The program began as a televised craft seminar for students of the Actors Studio Drama School, originally a joint venture of the Actors Studio and New School University in 1994, with Paul Newman, a former Actors Studio president, as its first guest, and soon became Bravo's flagship program. At first taped at the New School's Tishman Auditorium in Greenwich Village, New York City, it was shifted subsequently to its present location, Michael Schimmel Center for the Arts at Pace University's New York City campus. The program is presented as a seminar to students of the Actors Studio Drama School at Pace University.

The show deliberately uses a slower pace in the interviews as compared with a typical celebrity interview, thus cameras usually record a couple of hours of conversation, later edited to one or two hours. The result, as a New York Times article expressed it, "In Mr. Lipton's guest chair, actors cease being stars for a while and become artists and teachers." Though sometimes, some interviews go longer; Steven Spielberg's 1999 visit, for example, stretched to four hours, and was later shown as two episodes of one hour each. The interviews are guided by Lipton's trademark index-card questions, which sometimes reveal his well-researched knowledge of guests' lives, often startling some. On one such occasion, Billy Crystal told Lipton, "You know you're scary, don't you?" On another occasion, Martin Sheen asked Lipton, "How do you know all this? This is extraordinary." And Sir Anthony Hopkins, upon learning that Lipton knew the exact address where the former had been born and raised in Wales, turned to the audience and remarked, "He's a detective, you know."
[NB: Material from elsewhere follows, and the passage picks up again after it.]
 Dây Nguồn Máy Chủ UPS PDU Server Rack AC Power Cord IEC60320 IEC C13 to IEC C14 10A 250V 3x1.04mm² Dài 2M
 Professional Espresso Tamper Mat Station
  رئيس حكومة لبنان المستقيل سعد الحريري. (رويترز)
In May 2005, the contract between the Actors Studio and New School University was not renewed. Beginning with the 12th season, in the fall of 2005, the program was taped at the Michael Schimmel Center for the Arts at Pace University's New York City campus. The show featured a new set with a gritty backstage feel, designed by Will Rothfuss for Blair Broadcast Designs, and The Actors Studio Drama School at Pace University re-opened in new facilities.
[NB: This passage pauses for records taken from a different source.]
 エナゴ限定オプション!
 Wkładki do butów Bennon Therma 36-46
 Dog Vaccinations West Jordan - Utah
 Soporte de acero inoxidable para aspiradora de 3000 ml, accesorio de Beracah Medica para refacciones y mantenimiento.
Since its premiere, Inside the Actors Studio has had over 300 guests. The first episode's guest was Paul Newman (Alec Baldwin was the first guest, but his interview was broadcast after Newman's). The guests have included 74 Academy Award winners: eight directors; four screenwriters; 61 actors and actresses; and three composers. For its 200th show, Lipton became the guest subject of the show. He was questioned by Dave Chappelle, whom he picked personally. The show ended with the Pace University provost announcing that the college is sponsoring a scholarship in Chappelle's name to his high school alma mater. Based on the show, James Lipton published a book titled Inside Inside in 2007. In September 2018, Lipton declared that he was stepping down from the program after 23 seasons. Starting in 2019, the show is hosted by different celebrities.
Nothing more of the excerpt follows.